Running out of memory on a small input?
I don't know what could be going on with this seemingly innocent grammar:
@{%
const mooLexer = require('moo').compile({
space: { match:/[ \t\n]+/, lineBreaks: true },
ident: {
match: /[a-z][a-zA-Z0-9_]*/,
keywords: { keyword: ['fn', 'tfn', 'match', 'ifz', 'forall', 'exists'] }
},
sig: 'SIG',
});
%}
@lexer mooLexer
Main -> _ Tp0 _
Tp1 -> %ident
| "(" _ Tp0 _ ")"
Tp0 -> Tp1
_ -> %space | null
but it appears to run out of memory pretty quickly when given the string "a" to parse, rather than correctly parsing "a" as a valid instance of the grammar.
Full example, check out and run "npm i && npm run test": https://github.com/robsimmons/badgram
Hi! Sorry to hear you're having trouble; thanks for providing details :-)
That's really interesting! I agree your grammar looks normal.
I don't have time to debug further right now; but please could you try Nearley 2.11.1? I'm wondering if it was the change we shipped at the weekend causing you issues.
Sent with GitHawk
Aaaahhh, yes: everything does work with Nearley 2.11.1. If I'd realized it was a recent update I woulda thought to try that.
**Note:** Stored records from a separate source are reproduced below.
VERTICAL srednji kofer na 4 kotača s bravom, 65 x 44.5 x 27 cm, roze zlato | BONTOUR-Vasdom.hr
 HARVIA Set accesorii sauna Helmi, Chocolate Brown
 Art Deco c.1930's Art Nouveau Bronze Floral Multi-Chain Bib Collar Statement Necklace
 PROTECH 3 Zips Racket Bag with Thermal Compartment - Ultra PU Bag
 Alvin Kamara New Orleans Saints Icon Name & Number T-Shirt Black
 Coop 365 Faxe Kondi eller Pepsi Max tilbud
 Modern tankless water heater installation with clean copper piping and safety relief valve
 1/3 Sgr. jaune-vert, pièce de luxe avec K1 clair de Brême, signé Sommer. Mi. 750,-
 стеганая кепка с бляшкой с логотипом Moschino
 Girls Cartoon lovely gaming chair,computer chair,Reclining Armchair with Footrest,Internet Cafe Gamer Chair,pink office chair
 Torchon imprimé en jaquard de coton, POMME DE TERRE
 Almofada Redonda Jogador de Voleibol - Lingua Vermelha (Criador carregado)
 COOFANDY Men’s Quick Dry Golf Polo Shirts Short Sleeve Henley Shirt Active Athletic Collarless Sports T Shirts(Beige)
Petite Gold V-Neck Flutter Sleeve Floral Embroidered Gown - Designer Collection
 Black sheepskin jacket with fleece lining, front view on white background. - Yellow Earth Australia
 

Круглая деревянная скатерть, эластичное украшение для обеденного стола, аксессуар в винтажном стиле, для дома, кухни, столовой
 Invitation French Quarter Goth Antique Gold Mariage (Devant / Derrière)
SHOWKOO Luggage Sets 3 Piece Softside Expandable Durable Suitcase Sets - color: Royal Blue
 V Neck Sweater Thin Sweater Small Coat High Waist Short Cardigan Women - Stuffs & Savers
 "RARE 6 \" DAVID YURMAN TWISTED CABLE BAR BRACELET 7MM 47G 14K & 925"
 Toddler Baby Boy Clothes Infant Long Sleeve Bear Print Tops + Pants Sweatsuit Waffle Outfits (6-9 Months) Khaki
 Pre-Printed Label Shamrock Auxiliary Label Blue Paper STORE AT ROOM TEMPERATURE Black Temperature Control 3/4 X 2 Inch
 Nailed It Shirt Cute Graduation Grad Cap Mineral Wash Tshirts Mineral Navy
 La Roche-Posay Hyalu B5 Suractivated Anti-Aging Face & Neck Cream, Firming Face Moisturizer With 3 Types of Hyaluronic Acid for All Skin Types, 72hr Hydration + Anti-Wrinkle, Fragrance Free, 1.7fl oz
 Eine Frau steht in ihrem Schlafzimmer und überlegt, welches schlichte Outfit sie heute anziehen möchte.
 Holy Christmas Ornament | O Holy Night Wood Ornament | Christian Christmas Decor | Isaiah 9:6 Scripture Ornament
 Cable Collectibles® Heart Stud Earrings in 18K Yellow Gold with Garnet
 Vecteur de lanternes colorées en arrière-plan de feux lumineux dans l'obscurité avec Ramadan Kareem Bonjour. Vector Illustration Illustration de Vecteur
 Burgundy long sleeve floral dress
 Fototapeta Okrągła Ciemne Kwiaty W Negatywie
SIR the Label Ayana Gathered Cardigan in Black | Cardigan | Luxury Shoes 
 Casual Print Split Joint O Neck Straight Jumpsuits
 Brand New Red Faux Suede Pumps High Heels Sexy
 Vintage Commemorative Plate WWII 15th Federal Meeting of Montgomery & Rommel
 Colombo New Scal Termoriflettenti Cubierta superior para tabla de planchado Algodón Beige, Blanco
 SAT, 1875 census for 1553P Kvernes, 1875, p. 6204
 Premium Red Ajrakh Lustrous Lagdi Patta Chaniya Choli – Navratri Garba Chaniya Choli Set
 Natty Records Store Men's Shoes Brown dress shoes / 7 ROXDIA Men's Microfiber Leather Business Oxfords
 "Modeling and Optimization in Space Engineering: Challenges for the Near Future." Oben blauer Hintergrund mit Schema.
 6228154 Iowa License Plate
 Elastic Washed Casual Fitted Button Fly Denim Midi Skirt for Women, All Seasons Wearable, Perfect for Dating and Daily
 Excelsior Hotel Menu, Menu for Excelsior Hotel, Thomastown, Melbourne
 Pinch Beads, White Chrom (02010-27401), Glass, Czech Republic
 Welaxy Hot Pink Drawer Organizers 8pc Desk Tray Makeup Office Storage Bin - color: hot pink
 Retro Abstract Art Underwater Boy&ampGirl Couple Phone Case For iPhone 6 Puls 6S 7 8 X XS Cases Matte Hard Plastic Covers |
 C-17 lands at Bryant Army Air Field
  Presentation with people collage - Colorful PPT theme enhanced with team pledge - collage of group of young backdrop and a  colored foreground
Thanks!
I've confirmed that 2.11.1 works for my larger case as well, and added a slightly larger but more realistic grammar example as a test case in the PR above. (Presumably the PR will not pass testing, since it demonstrates the regression 2.11.1 -> 2.12.1.)
Oh, boy, you're going to love this, Tim: your tokenizer-based compiler compiler is wrong!
$ nearleyc types.ne -o types-2.12.1.js
$ npm uninstall -g nearley
removed 10 packages in 0.169s
$ npm install -g [email protected]
…+ [email protected]
added 9 packages in 1.152s
$ nearleyc types.ne -o types-2.11.1.js
$ diff types-*.js
1c1
< // Generated automatically by nearley, version 2.11.1
---
> // Generated automatically by nearley, version 2.12.1
26c26,27
< {"name": "Tp4", "symbols": [{"literal":"("}, "_", "Tp", "_", {"literal":")"}]},
---
> {"name": "Tp4$subexpression$1", "symbols": ["_", "Tp", "_"]},
> {"name": "Tp4", "symbols": ["Tp4$subexpression$1"]},
It's reading the line Tp4 -> "(" _ Tp _ ")" two different ways… only one of which is correct by my reckoning.
At the very least, let's rollback to the old compiler ASAP. I'm really curious what your tokenizer is doing.
I just tried nearley for the first time today, and was at version 2.19.7.
Some small tests seemed good. So I tried a slightly larger grammar, and it choked. I noticed that removing a few characters would fix the problem (like changing the name of a token from length 5 to length 4).
So, I tested by copy-pasting the same rule a few times and it caused syntax errors. If I remove some copies, it compiles.
I tried to downgrade and repeat this procedure. The only version that could handle my larger grammar without breaking was v2.11.2
My grammar only had one rule,
Identifier ->
%Identifier {% function (_a) {
var identifier = _a[0];
return {
start: identifier.start,
end: identifier.end,
syntaxKind: parser_node_1.SyntaxKind.Identifier,
identifier: identifier.value,
quoted: false,
};
} %}
Then, I copy-pasted that rule 200+ times and nearleyc 2.12.0 until 2.19.7 started complaining about syntax errors.